The exercise asks you to copy every line below in which "Smart" appears.

>>>>

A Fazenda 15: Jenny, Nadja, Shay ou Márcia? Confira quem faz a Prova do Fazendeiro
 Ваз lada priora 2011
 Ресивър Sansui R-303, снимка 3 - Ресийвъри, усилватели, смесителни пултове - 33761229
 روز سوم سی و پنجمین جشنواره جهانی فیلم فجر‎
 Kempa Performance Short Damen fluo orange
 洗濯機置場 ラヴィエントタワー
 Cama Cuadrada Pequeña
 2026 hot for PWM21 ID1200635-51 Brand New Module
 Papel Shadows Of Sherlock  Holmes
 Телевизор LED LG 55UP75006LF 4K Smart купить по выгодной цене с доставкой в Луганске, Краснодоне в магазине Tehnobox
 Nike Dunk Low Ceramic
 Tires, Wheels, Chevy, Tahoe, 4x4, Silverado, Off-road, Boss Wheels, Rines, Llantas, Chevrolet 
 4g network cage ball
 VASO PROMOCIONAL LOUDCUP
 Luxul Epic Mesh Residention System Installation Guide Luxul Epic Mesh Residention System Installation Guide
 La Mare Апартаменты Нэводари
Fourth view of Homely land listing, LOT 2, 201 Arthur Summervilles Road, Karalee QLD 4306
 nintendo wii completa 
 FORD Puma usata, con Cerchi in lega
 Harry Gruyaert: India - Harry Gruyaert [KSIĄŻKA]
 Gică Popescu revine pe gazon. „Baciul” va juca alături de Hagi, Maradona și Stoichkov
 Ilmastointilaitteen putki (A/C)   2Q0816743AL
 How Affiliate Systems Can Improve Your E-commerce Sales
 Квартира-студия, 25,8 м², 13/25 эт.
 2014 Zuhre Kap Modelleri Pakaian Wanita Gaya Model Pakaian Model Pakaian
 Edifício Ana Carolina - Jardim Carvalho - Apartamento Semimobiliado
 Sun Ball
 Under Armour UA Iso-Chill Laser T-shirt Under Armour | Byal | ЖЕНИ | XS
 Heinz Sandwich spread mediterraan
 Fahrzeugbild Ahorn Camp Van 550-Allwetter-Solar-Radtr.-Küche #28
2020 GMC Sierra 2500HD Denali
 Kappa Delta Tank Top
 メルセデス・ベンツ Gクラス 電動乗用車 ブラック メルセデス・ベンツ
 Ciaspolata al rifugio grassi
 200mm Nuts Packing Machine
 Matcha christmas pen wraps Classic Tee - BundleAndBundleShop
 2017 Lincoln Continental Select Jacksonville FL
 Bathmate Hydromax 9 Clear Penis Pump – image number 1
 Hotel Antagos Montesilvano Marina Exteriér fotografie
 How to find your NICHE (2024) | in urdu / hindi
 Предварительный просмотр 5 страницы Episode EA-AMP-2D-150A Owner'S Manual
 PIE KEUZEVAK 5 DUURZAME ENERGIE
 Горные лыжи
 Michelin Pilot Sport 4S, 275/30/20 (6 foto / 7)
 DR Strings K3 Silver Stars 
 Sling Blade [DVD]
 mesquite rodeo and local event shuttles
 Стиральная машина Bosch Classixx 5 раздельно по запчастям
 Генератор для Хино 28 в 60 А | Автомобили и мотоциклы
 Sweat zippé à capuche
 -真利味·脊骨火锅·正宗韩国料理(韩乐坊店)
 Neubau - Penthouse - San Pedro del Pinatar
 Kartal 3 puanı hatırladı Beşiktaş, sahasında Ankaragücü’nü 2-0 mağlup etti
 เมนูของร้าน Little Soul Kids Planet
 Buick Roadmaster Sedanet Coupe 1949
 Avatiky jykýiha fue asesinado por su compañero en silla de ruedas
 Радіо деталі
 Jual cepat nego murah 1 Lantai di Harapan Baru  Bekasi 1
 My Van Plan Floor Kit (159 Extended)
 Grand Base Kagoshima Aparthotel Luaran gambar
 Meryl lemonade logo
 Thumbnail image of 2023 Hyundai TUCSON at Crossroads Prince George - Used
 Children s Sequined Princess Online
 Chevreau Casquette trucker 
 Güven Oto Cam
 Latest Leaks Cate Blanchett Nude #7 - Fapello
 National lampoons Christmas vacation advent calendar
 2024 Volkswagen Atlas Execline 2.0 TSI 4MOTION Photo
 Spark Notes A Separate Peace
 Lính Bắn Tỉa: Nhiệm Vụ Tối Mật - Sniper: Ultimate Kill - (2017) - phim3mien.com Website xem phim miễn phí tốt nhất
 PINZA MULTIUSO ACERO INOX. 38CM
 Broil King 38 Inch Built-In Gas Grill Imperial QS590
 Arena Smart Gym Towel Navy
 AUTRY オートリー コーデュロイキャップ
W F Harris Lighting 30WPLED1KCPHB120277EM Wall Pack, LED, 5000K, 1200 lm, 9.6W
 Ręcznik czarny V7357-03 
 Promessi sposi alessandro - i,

<<<<

#### Your response:
 Телевизор LED LG 55UP75006LF 4K Smart купить по выгодной цене с доставкой в Луганске, Краснодоне в магазине Tehnobox
 Arena Smart Gym Towel Navy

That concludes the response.